これらを「ただ数字を出す」のではなく、「経営戦略(例:DX推進)を実現するために、この指標(例:デジタル研修受講率)を追っています」というストーリーで語ることが重要です。
5. 人的資本経営に関するよくある質問(FAQ)
- Q1. 非上場の中小企業には関係ない話ですか?
A. いいえ、大いに関係があります。義務化の対象は上場企業ですが、「人に投資する企業」でなければ人が集まらない時代です。採用難を乗り越えるためにも、中小企業こそ人的資本経営(=人への投資アピール)が必要です。 - Q2. 「人材版伊藤レポート」の「3つの視点・5つの共通要素」とは?
A. 経済産業省が示したフレームワークです。「経営戦略と人材戦略の連動」「As is – To be ギャップの定量把握」「企業文化への定着」の3つの視点と、「動的な人材ポートフォリオ、個人・組織の活性化」「知・経験のダイバーシティ&インクルージョン」「リスキル・学び直し」「従業員エンゲージメント」「 時間や場所にとらわれない働き方の5つの共通要素で構成されています。迷ったらまずはこれに目を通すことをおすすめします。 - Q3. 人事部門は何から始めるべきですか?
A. まずは「データの可視化」です。自社の研修時間やスキル保有状況などが把握できていなければ、戦略の立てようがありません。LMSなどを活用してデータを集めることから始めましょう。
成功のカギは「育成状況の可視化(データ化)」
人的資本経営の実践において、最大の壁となるのが「データの収集・管理」です。
「誰がどんなスキルを持っているか分からない」 「研修をやったけれど、履歴がバラバラで集計できない」
このような状態では、効果的な投資も、外部への開示も不可能です。
クオークでは、LMS(学習管理システム)の導入支援を通じて、従業員の学習履歴やスキル習得状況を一元管理する仕組みづくりをサポートします。
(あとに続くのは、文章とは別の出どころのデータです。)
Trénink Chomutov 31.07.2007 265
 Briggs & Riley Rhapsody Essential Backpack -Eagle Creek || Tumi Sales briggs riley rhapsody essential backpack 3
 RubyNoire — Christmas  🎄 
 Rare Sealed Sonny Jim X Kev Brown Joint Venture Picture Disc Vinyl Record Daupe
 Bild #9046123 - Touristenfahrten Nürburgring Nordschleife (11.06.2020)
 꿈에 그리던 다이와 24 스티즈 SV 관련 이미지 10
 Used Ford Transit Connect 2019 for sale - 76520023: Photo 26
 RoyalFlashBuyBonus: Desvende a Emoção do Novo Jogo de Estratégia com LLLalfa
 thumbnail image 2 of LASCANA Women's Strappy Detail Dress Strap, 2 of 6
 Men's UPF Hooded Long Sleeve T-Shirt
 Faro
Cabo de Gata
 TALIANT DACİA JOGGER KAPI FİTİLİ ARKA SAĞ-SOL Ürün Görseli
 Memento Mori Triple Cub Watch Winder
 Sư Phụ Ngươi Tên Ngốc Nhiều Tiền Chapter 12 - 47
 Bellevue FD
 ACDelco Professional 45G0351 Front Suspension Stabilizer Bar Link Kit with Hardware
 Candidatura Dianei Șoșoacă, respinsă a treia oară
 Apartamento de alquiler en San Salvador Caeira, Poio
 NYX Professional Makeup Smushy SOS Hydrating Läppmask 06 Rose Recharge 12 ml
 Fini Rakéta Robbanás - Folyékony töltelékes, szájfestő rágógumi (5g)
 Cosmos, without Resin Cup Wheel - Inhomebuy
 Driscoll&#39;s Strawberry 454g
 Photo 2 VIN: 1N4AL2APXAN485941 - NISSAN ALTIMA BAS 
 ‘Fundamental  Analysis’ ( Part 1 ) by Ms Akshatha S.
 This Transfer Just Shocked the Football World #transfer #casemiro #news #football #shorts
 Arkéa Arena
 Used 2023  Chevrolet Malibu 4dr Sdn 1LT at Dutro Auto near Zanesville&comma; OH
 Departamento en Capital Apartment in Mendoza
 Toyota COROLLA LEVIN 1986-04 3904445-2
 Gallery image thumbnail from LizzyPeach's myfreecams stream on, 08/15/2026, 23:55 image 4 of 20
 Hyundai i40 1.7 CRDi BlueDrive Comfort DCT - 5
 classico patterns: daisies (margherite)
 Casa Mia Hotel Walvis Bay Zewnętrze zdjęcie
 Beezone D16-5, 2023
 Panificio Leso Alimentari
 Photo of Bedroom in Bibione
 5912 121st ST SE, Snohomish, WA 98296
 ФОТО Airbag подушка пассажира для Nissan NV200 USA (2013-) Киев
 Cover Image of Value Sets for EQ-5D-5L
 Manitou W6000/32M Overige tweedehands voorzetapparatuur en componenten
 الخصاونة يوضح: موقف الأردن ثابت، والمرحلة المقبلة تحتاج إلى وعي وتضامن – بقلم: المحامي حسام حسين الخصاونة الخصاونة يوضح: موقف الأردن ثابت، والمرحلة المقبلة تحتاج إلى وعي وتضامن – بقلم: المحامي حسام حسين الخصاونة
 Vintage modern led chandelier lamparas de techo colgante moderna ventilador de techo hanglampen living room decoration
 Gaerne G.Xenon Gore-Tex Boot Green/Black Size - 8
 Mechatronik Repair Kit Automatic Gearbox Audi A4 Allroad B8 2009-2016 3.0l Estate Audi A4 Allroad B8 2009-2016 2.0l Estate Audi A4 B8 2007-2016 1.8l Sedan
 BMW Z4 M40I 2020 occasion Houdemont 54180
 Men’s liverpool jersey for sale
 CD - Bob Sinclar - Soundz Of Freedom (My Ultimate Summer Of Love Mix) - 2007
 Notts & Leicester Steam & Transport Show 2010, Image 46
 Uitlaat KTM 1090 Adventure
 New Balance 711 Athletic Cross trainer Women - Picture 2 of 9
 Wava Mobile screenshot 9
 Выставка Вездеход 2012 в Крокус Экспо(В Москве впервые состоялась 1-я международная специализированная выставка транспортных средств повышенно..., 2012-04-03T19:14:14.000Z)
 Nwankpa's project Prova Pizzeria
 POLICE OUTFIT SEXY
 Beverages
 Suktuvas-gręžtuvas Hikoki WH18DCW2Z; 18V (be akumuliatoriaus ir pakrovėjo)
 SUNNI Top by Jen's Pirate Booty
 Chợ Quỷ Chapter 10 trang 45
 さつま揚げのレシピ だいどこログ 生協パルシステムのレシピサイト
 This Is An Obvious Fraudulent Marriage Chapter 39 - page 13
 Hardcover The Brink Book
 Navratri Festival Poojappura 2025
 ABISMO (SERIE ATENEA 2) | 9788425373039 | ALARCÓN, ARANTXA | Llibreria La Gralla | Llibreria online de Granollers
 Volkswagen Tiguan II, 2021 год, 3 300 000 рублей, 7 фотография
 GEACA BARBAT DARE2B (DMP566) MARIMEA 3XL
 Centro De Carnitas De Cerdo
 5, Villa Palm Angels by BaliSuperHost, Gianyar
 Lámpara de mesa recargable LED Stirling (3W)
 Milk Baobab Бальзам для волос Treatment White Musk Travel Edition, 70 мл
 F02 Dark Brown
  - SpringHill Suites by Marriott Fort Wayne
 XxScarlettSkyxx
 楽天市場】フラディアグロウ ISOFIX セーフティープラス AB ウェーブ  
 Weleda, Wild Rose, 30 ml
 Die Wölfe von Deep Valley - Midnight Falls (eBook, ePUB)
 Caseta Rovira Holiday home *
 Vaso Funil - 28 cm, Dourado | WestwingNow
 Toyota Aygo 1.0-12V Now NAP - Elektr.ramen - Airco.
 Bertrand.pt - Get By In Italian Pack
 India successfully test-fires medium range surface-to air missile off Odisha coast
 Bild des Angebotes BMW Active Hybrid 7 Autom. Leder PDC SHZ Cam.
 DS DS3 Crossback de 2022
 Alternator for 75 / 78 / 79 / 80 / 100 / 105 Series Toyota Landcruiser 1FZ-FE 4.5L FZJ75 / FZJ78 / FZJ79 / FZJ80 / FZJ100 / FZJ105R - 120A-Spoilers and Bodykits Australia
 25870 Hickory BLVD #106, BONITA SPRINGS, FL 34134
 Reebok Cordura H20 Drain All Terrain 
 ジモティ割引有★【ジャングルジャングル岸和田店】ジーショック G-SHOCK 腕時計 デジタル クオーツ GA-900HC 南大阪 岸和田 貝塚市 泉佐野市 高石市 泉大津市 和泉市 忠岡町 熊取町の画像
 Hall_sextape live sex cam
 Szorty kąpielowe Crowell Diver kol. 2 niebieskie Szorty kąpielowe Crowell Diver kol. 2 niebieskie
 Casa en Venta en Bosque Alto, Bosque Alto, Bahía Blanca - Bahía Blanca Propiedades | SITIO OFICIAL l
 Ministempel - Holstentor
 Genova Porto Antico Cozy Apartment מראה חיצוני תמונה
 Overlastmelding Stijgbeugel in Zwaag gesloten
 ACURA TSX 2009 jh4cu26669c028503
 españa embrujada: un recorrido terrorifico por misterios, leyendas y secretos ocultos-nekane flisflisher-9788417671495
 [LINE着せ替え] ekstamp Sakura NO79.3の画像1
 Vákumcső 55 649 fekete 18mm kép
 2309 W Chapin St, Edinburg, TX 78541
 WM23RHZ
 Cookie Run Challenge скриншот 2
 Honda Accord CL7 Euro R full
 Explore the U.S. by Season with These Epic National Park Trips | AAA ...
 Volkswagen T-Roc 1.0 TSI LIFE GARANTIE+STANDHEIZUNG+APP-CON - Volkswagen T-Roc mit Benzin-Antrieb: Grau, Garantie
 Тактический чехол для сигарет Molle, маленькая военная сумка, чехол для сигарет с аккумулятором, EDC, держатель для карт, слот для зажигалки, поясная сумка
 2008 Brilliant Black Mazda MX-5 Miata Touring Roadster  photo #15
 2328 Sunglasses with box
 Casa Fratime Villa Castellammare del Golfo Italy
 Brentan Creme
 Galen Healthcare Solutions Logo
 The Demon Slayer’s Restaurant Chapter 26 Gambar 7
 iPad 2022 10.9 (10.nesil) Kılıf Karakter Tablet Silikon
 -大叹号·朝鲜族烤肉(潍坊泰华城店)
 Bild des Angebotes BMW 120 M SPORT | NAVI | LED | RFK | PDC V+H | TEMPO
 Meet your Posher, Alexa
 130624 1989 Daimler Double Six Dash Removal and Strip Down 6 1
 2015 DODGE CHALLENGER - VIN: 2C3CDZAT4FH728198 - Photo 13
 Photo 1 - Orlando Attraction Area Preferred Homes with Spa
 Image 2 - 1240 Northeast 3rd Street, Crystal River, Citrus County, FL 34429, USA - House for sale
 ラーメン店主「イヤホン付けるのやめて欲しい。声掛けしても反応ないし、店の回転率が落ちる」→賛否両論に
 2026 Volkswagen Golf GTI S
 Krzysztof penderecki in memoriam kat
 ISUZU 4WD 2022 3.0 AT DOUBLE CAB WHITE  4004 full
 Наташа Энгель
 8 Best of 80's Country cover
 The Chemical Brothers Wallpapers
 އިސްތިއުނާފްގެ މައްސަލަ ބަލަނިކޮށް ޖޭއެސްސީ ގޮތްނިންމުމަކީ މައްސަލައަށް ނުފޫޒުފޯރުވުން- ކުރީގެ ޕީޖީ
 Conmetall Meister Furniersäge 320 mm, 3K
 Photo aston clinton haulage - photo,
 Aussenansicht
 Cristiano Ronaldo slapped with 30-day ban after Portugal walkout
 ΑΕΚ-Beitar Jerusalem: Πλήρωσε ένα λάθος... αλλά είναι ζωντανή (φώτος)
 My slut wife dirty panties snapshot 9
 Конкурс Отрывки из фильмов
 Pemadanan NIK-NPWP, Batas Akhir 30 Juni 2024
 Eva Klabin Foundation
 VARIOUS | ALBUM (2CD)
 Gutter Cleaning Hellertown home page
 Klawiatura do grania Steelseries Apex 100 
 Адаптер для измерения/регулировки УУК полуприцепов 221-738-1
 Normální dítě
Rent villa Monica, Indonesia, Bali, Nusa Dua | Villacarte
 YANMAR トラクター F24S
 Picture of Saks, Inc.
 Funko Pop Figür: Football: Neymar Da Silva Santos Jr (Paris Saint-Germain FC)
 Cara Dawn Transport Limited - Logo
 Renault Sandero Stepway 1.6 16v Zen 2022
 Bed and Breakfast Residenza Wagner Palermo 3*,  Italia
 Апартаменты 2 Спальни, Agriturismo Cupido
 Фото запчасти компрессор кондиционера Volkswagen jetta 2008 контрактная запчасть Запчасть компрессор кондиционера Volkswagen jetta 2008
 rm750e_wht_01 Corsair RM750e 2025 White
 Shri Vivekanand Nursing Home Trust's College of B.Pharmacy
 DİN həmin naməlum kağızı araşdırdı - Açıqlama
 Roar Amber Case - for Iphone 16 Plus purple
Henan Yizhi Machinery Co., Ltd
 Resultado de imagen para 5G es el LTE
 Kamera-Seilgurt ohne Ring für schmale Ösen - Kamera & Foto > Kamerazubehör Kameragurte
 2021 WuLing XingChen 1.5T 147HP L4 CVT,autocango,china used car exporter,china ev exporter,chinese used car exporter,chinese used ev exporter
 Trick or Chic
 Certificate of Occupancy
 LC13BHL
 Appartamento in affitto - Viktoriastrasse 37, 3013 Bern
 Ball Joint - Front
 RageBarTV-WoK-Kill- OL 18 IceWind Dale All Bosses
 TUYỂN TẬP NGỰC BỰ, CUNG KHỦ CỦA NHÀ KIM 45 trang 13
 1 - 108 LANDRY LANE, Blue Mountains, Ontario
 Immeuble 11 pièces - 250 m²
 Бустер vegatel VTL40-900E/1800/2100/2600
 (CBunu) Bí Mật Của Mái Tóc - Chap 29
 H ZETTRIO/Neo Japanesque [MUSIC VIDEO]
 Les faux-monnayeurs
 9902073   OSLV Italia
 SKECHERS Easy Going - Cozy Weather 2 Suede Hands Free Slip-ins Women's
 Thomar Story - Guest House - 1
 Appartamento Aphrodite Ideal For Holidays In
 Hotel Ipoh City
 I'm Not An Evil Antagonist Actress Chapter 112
また、人的資本経営の核心である「リスキリング(再教育)」のための教材制作も承っております。
7. まとめ
- 人的資本経営とは、人材を「コスト」ではなく「資本」と捉え、投資することで価値を生み出す経営手法。
- 上場企業の開示義務化により、研修時間やスキルなどの「データ」を示す必要性が高まっている。
- まずは自社の人材データを可視化し、経営戦略と紐づいた育成ストーリーを作ることが第一歩。
▼ 次のアクション 「人的資本情報の開示に向けて学習データを整備したい」「効果的なリスキリング研修を企画したい」とお考えのご担当者様は、ぜひお気軽にご相談ください。
お問い合わせフォーム – Qualif(クオリフ)
8. 関連用語
- [リスキリング]
- [カークパトリックの4段階評価法]
- [エンゲージメント]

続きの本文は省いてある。